WHAT YOU WILL DO: The answer must be one number: the count of lines in the data below that include "from".
◇ ◇ ◇ ◇ ◇
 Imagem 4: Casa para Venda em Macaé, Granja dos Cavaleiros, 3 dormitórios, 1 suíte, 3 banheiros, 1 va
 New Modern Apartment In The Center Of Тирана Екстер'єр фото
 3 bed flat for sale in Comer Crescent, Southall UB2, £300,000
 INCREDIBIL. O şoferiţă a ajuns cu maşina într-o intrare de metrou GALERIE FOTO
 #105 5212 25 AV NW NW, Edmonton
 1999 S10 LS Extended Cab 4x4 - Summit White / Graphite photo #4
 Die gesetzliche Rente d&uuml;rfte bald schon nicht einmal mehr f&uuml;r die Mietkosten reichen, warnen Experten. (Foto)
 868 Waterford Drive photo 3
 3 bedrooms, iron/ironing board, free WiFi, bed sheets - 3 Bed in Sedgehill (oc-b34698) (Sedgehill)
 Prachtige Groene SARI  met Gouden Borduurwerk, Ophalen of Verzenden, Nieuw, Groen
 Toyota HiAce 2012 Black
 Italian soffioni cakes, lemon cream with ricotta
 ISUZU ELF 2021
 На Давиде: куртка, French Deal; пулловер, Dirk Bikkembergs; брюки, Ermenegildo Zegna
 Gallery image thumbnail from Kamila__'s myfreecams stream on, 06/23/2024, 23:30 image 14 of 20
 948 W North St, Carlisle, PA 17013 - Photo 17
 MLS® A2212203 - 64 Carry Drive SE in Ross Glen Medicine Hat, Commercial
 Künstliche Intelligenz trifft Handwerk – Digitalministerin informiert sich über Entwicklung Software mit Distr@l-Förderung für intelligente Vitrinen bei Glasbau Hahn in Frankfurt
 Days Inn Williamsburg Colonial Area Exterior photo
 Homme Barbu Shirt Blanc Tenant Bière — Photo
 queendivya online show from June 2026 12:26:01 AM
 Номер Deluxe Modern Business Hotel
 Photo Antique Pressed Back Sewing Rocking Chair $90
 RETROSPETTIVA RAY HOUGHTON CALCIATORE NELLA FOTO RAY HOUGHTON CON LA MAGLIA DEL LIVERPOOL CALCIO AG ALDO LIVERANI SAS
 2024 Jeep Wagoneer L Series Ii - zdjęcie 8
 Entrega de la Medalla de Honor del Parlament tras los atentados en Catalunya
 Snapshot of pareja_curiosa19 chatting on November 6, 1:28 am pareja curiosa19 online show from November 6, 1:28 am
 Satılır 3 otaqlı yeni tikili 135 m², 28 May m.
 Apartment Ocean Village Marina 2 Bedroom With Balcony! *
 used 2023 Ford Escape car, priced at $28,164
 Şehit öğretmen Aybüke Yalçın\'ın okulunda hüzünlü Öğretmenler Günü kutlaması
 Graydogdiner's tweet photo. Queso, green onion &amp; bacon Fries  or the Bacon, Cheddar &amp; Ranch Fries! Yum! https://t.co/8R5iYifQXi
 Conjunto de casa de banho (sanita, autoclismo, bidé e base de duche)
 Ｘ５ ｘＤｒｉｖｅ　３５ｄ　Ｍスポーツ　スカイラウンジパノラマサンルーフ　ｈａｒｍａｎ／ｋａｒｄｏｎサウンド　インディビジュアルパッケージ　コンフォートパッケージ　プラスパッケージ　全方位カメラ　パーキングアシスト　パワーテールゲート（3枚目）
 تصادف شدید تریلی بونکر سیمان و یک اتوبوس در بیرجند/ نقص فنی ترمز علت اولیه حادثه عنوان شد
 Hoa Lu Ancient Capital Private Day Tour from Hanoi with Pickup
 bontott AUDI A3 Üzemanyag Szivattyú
◇ ◇ ◇ ◇ ◇
EXERCISE OUTPUT: 4